Parmi celles qui étaient conviées à cette cérémonie, cette
messe, ce pow wow, il y avait Geeta, à la voix puissante comme celle de Piaf,
qui clamait l’attente de l’autre intensément. Puis il y avait Queen Ka, Claudine
Vachon, Véronique Bachand et Catherine Cormier-Larose qui ont, elles aussi à
leur façon, traité de l’inépuisable sujet de l’autre: ami ou amant. Jamais
pleurnichardes de la condition amoureuse, mais jamais férocement indépendantes
non plus. Elles étaient sensibles et actuelles.

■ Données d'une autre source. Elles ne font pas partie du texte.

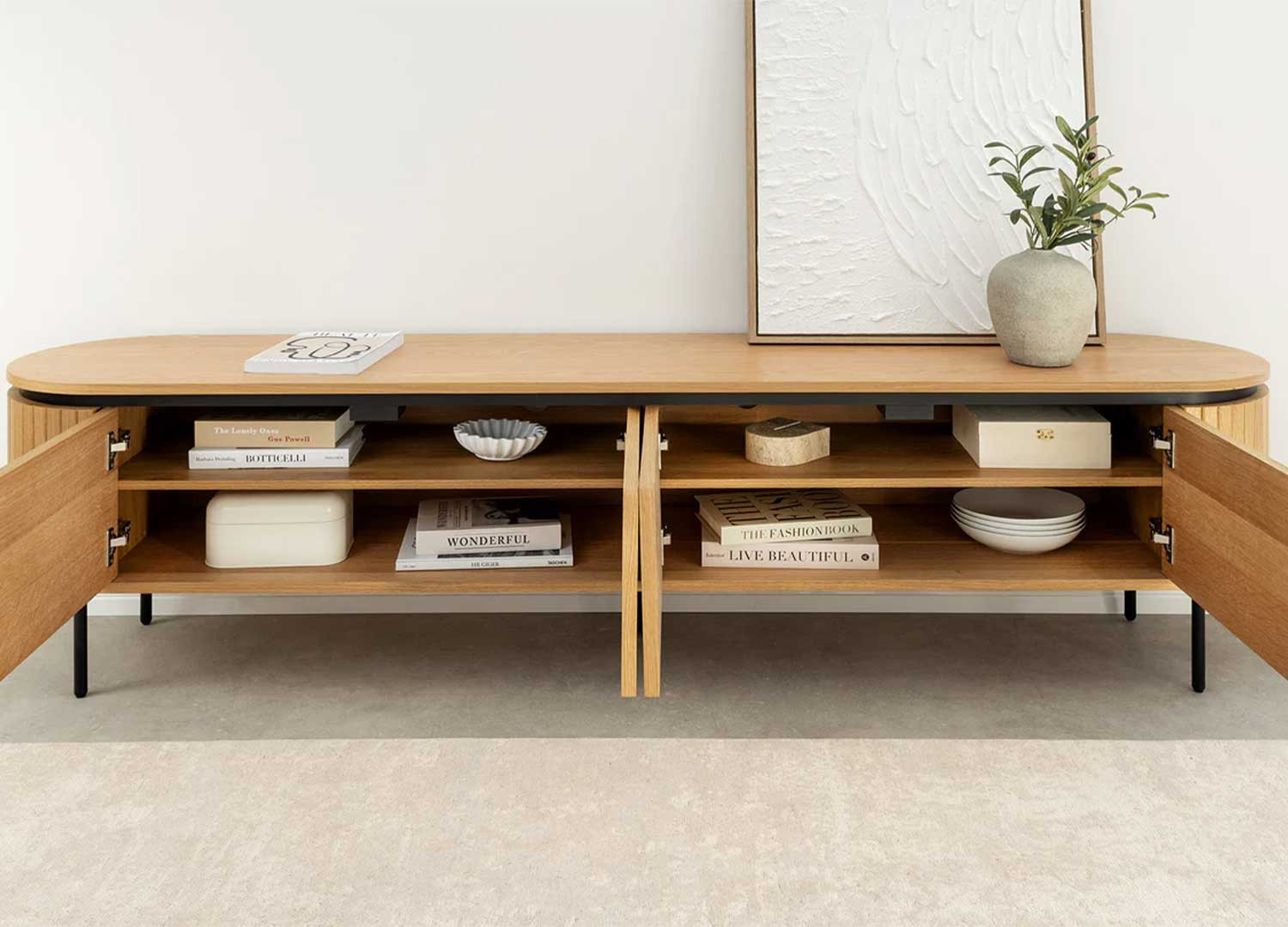 Meuble TV moderne arrondi 4 portes Lili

Ton féminisme, Marie, il n’est pas chiant. Il est inclusif
comme le Québec doit l’être de toutes les luttes qui y sont menées au nom des
valeurs qui l’a fait naître. D’une part, tu cèdes la parole à qui le veut bien,
fille ou garçon, lors d’une séance de micro ouvert. D’autre part, tu n’encadres
pas le discours de tes Valkyries dans une esthétique particulière. Tu les
laisses prendre le discours affranchi qui se doit d’être. Je pense au texte
surprenant et dérisoire d’Annick Lefèvre qui s’inscrivait en rupture avec nos
tabous sur l’ethnicité et la pauvreté.
L’actualité nous réservait, cette journée-là, les
niaiseries habituelles, que ce soit de Gérald Tremblay qui nous prenait
toujours pour des valises d’après les révélations entendues à la Commission
Charbonneau ou de Nétanyahou qui faisait le con avec sa ligne rouge à l’ONU.
Mais il y avait aussi Gabriel Nadeau-Dubois qui entamait le procès bidon pour
lequel il est accusé. Lorsque Louise Bombardier a lu son texte sur le printemps
érable, je me suis dit que certaines plaies de la lutte étudiante sont toujours
vives.
Que dire de Rona Ambrose, le vampire de l’ouest, qui s’est
levée dans la House of Commons pour appuyer la reconnaissance du fœtus comme
être humain. Malheureusement, ce n’était pas la première fois, ni la dernière,
qu’on entend un vote libre sur la question. Heureusement, il y a moyen
d’espérer que cela cesse. Christine Germain nous rappelait que le «plus
meilleur pays au monde» ne sera confortable que lorsque nous n’y serons plus.
C’est notre créativité qui a soufflé sur les braises de la
révolte, «tous les soirs jusqu’à la victoire», lors de ce long printemps. Nous
avons vaincu le cynisme car nous sommes de l'école des rêveurs. Alexis Martin
disait à l'émission Voir diffusé à Télé-Québec que le rêve est important pour
une société, car c’est un moyen de survie.
Car il faut survivre aux disparus. Chef de meute, tu as
permis à d’autres d’hurler à cette lune presque pleine leurs rêves afin qu’il
reste quelque chose de nos rêves. Il en restera bien certainement le souvenir
endeuillé d’Ève Cournoyer qu’Isabelle St-Pierre et toi avez réservé à votre
façon dans un hommage ressenti. Nous non plus ne l’oublierons pas.